A polo shirt is a t-shirt with collars, and a tastefully embroidered polo shirt has greater appeal. Remember that alligator across your left breast? The polo shirt collars are often button down. The shirt typically has two small slits on both sides at the bottom, and might also have a pocket.
Polo shirt originated as a tennis shirt, to replace the earlier cumbersome tennis wear. Its inventor of this new tennis shirt, tennis champion Lacoste, put the crocodile emblem on these shirts because he was often called ‘the alligator’ in the tennis circuit.
How this tennis shirt became the polo shirt is an interesting story. Though polo players soon adopted it, replacing their earlier long-sleeved wear, this fact alone could not have led to the fame of the polo shirt. It was when Ralph Lauren’s embroidered polo shirts (with the horse-borne polo player emblem) became immensely popular that the erstwhile tennis shirt all but became the ‘polo shirt’.
Golf players also adopted the shirt as their own, often with golf cuts to make them true golf shirts. It is standard wear for golf players now.
So the tennis shirt not only became a polo shirt; it became a de-facto sports shirt, by whatever name it was called.
Status of the Embroidered Polo Shirt Now
The polo shirt entered day-to-day lives soon and has become a standard item of clothing worn by both men and women these days. It is even worn to offices that accept less formal wear but are not ready to accept t-shirts yet.

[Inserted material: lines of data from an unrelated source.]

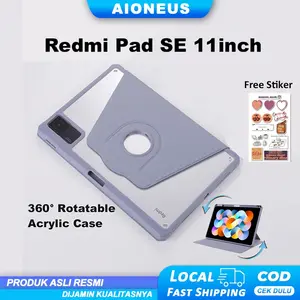 Case For Redmi Pad SE 11 inch 360 Rotatable Acrylic Case Redmi Pad SE Rotasi 360 Diameter With Pencil Slot
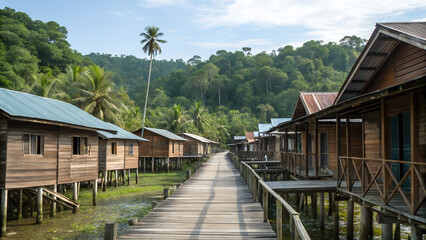 Tropical wooden village on stilts above calm water surrounded by lush rainforest under bright daylight perfect for travel blogs, tourism and exotic nature design projects
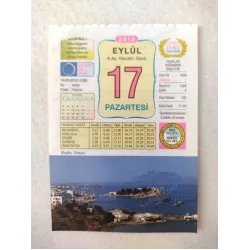 17 Eylül 2012 Vasif Ülkü Renkli Takvim yaprağı / Yavrunuza isim Kız Kutay Erkek Yalçıner / Kuşe Kağıt / Doğum-Özel gün hediyesi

Polo shirts come in numerous styles, with the horizontal striped style being a popular one. The shirts come in different colors, with or without a pocket, in men’s and women’s styles, made of knitted yarn, cotton or poly-cotton, heavy or light and so on.
Polo shirts are often worn with an under shirt for warmth.

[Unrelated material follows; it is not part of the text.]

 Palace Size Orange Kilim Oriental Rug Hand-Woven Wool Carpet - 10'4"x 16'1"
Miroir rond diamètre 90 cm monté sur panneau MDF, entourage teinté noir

Embroidered polo shirts with a neat little emblem on the breast add a neat touch. The emblem is typically tailored to specific themes or needs, such as golf tours, corporate events, business branding and even a stag weekend.
The embroidered polo shirt started out as a tennis shirt, with the Lacoste’s famous crocodile emblem on the left breast. Designed as an alternative to the uncomfortable tennis wear, it was soon adopted by other sports such as polo and golf. The tennis shirt had become a de facto sports shirt, with the name polo shirt stuck to it.
These days, both plain and embroidered polo shirts are worn in non-sports environments, including offices that accept some informality. A tasteful little emblem adds a touch of class to the polo shirt, which can come in many styles.